ANZ owns 49 per cent of ING New Zealand and actively promoted the funds to customers through its network of financial advisers.
ANZ customers have reported that they were told the investments were "as safe as the bank". They also say they were not informed about the link between ANZ and ING.
The bank has been forced to settle with a number of investors.
In one case it paid out more than $200,000 to an elderly woman whose life savings were tied up in the Diversified Yield Fund. The 87-year-old, who is in poor health and whose only other income is her pension, had put the money into the fund on the advice of her ANZ financial planner.
In its assessment of her investment needs, ANZ characterised the woman as a "defensive" or conservative investor. Last May Steven Giannoulis, ING's general manager of marketing, said the two funds were at the higher-risk end of the ING range of investments.

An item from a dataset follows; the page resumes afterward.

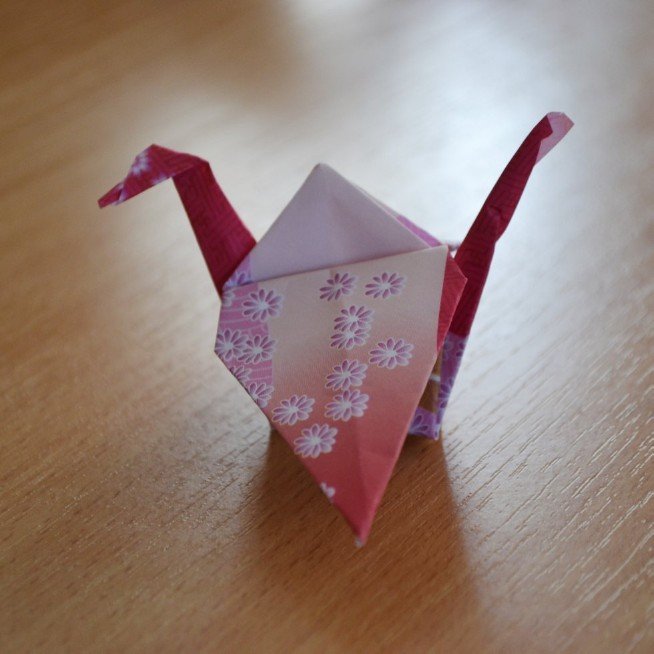 Japanese traditions at Kazan University ,Aichi University, Miyuki Takahashi, paper crane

In March ING will ask investors to vote on a proposal to wind up the funds. They will be offered a sweetener in the form of a $100 million payout, to be made within weeks of the vote.
The $100 million is a loan from ING and the ANZ and would have to be paid back first before investors got any more of their money back from the wind-down of the assets.
ING chief executive Helen Troup said the initial cash payment was not an indication of the total amount investors would get back.
The vote, to be held in Auckland, will require a 10 per cent quorum and needs 75 per cent approval to pass.
A group of five financial advisers which is lobbying ING to pay investors out in full has described the $100 million loan as "disgraceful". It has estimated investors could get back as little as 15c in the dollar if they accept the proposal.
LOCKED UP
WHAT'S AT STAKE
$521m of 8000 investors' funds.
WHAT'S ON OFFER
Investors will vote on a $100 million sweetener in March.